We just returned from presenting the Cave Pearls at the GSA in Vancouver!

Having a lineup before you even finish setting up the poster in the morning is always a good sign...

Having a que form before you finish setting up the poster in the morning is always a good sign…

Since we left most of the operating data loggers we had in Mexico on our last trip, I had to scramble to build a few more before the conference. I also spent an inordinate amount of time making the poster look pretty, as this was our first “formal” pitch of the Cave Pearl system to the academic world. (and that is my day job right?)  While all of this was old hat for a career academic like my wife, I admit I was a bit nervous, and somewhat uncertain if there would be any interest at all.  A few researchers had already expressed to me the opinion that any time they had to spend building sensors or equipment represented an unacceptable opportunity cost. (ie: that time could be better spent on grant writing to buy commercial equipment)  and some of the more technically inclined people simply dismissed AVR based Arduinos as a second-best option, suitable only for hobbyists.

But overall, the presentation was very well received, and we had a constant stream of interested people that kept both of us busy talking all day long.

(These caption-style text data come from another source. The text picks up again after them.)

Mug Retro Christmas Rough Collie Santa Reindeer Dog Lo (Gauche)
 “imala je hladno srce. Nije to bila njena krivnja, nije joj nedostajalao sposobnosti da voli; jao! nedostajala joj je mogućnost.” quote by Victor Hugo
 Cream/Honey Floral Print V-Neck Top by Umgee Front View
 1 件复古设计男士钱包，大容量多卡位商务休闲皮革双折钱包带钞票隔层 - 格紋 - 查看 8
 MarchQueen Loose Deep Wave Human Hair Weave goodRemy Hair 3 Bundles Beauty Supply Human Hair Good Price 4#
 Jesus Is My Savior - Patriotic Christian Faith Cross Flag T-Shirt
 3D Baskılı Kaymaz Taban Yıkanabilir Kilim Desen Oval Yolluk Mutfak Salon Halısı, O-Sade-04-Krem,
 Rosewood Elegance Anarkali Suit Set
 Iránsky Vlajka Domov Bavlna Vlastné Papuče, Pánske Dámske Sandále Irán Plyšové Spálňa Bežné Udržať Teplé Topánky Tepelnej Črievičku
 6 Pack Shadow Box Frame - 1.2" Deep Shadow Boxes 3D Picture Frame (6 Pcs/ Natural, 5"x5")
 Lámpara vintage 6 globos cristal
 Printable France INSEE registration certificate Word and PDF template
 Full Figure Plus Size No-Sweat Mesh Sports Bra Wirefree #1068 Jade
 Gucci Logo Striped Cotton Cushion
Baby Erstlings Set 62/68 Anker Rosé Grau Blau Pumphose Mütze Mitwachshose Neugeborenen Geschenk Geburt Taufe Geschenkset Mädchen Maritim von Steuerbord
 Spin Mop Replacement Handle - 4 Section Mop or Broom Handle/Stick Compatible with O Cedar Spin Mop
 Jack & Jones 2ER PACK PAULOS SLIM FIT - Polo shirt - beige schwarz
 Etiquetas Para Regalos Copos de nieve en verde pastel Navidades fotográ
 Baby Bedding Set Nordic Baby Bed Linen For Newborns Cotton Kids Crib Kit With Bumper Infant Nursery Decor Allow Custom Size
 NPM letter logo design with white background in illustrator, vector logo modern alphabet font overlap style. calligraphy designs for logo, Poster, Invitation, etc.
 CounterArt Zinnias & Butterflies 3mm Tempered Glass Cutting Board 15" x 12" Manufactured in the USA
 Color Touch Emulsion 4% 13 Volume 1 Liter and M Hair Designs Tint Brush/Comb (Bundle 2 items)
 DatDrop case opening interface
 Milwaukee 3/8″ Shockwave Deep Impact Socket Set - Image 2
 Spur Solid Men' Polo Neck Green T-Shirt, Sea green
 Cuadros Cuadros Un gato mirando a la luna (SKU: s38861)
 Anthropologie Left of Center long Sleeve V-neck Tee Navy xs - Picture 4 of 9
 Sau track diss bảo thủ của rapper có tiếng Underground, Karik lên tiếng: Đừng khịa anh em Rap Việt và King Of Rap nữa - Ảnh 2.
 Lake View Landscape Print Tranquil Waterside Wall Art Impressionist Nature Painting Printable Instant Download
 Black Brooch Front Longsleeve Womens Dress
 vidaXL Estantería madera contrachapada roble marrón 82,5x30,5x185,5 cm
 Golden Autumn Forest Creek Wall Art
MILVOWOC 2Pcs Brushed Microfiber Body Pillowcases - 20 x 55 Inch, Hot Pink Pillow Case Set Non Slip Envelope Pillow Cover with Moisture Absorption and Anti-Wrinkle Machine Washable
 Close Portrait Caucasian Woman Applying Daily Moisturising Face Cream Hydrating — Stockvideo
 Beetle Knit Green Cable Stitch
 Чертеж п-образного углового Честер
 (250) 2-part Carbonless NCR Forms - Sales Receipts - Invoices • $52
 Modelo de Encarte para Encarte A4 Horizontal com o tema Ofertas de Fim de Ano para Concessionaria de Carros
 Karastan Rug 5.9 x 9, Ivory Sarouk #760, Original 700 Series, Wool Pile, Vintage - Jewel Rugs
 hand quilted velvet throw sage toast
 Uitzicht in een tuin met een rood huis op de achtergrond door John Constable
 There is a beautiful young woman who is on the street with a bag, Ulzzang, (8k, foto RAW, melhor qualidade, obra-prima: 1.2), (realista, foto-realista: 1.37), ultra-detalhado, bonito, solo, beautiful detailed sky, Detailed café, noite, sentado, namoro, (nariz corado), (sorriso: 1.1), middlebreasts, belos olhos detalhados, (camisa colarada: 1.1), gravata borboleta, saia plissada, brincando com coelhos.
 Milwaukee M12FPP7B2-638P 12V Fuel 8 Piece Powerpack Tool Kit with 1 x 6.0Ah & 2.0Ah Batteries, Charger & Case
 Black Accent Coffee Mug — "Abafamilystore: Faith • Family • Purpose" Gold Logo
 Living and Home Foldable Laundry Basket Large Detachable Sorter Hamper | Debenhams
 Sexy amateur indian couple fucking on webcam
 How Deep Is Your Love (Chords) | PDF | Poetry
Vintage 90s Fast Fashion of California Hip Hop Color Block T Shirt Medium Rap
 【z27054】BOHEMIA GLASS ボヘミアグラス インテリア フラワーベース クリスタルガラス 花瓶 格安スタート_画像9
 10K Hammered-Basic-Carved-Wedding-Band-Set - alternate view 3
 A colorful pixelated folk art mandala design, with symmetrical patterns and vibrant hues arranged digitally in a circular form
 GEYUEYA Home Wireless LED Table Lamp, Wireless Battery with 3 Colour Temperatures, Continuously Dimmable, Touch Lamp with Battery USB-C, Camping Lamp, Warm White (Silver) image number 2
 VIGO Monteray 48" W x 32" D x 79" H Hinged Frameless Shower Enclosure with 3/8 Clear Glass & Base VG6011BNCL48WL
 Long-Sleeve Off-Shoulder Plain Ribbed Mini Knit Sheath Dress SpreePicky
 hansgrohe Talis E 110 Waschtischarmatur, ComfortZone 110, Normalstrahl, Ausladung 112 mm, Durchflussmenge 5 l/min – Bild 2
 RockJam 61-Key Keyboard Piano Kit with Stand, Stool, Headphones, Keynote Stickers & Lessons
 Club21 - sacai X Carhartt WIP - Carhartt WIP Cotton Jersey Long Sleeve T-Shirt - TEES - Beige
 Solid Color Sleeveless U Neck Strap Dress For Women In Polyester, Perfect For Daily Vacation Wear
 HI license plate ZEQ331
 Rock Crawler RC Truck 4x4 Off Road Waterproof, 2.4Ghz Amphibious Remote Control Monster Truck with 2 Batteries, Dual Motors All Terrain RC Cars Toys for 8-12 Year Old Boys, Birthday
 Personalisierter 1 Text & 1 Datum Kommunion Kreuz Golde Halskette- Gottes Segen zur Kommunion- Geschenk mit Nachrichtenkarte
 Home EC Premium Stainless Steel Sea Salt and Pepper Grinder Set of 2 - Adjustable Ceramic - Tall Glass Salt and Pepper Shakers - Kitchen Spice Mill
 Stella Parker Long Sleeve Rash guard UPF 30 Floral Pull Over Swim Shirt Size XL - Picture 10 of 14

Trish describing the flow sensor deployments

Trish describing the flow sensor deployment dives.

I created a display stand for the flow sensors, to explain the principle of the hydro-metric pendulum, and we had a “live” drip sensor operating under a suspended funnel of water. It’s blinking led drew some people in and I had several open units to put into their hands so that they could see how simple the physical build was.  I suspect that a few research groups will now be adopting my data logger platform, and I gave away a couple of drip sensor units to help some of them get started.  It made my maker-heart happy to find out that several other groups were already investigating various Arduino mcu boards, and they were impressed to see my loggers sleeping below 0.25 mA with the sensors running to provide interrupts. (there was no Pololu power switch on that one)   Many of them are at about the same stage that I was at a year ago,  so hopefully the code I have developed will help to advance their projects more rapidly.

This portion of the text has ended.